In the Weightlifting world there is much uncertainty about the best methodology to develop strength. It is still commonplace to see athletes pursuing strength development with high volume training utilising 5-6 reps per set particularly during the ‘preparatory phase’ of a periodised training program. Certainly athletes do gain in hypertrophy and advance their 5RM result of such training but a reliance on 5-6 reps per set for strength training in the lead up to an important competition is not congruent with neural adaptation theory. The lifting of maximal or near-maximal weights (high intensity training) is fundamentally necessary to stimulate the required neural adaptation. Maximising strength, power and hypertrophy may only be accomplished when the maximal numbers of motor units are recruited. Thus heavy loading in experienced individuals is needed to recruit high-threshold motor units that may not be activated during light to moderate lifting (Kraemer & Ratmess, 2004).

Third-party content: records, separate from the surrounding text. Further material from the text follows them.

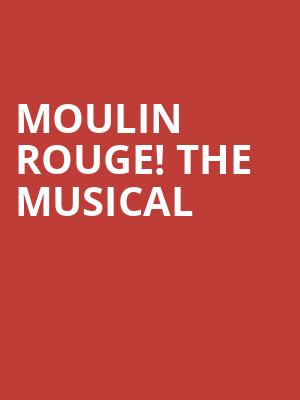 Moulin Rouge The Musical, San Jose Center for Performing Arts, San Jose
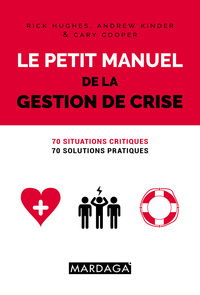 Le petit manuel de la gestion de crise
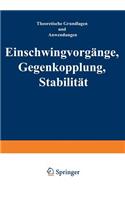 Einschwingvorgänge Gegenkopplung, Stabilität: Theoretische Grundlagen und Anwendungen(German)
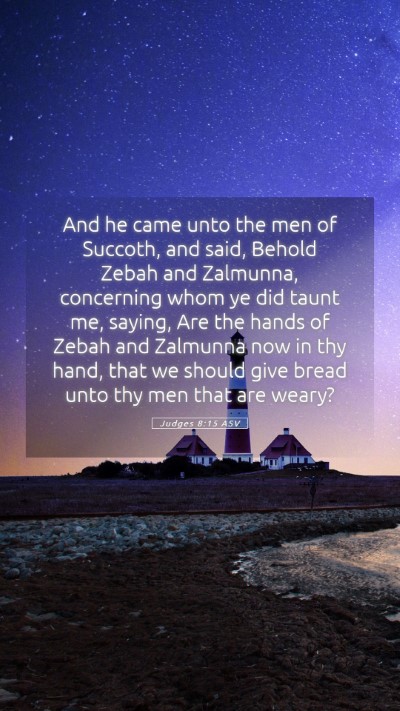 Picture 05 - Judges 8:15 ASV Mobile Phone Wallpaper - And he came unto the men of Succoth, and said, - Mobile Bible Verse Wallpaper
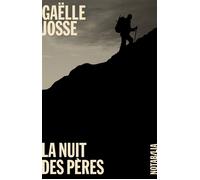 La nuit des pères - Gaëlle Josse - Noir Sur Blanc - broché - Roman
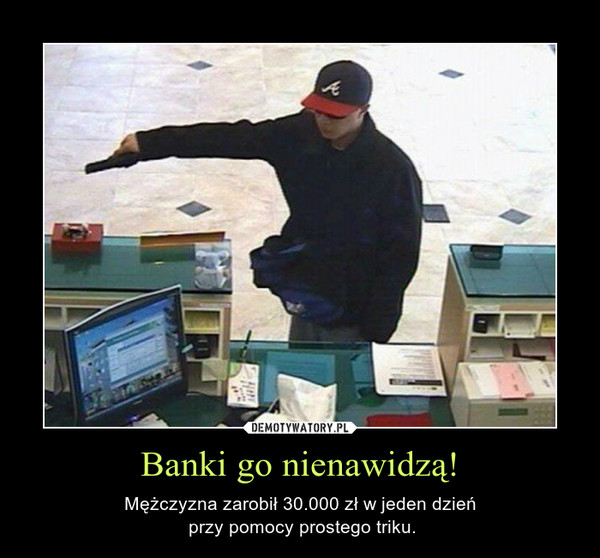 Banki go nienawidzą! – Mężczyzna zarobił 30.000 zł w jeden dzień przy pomocy prostego triku.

However, there is strong support for the notion that high-intensity (90%+) training with low rep sets (1-2) cannot be performed all year round. Among the negative influences of an over focus on 1 or 2 heavy or maximal efforts per set is a risk of encountering a training plateau (Kraemer & Ratmess, 2004), and a worsening of technique and emotional state (Orlov, 2015).  For these reasons, a typical Weightlifting program takes a periodised approach that includes a preparatory phase and a competition phase. The preparatory phase provides some relief from continual high-intensity effort but during this phase athletes can still be challenged by pursuing personal bests for higher repetition sets for strength training.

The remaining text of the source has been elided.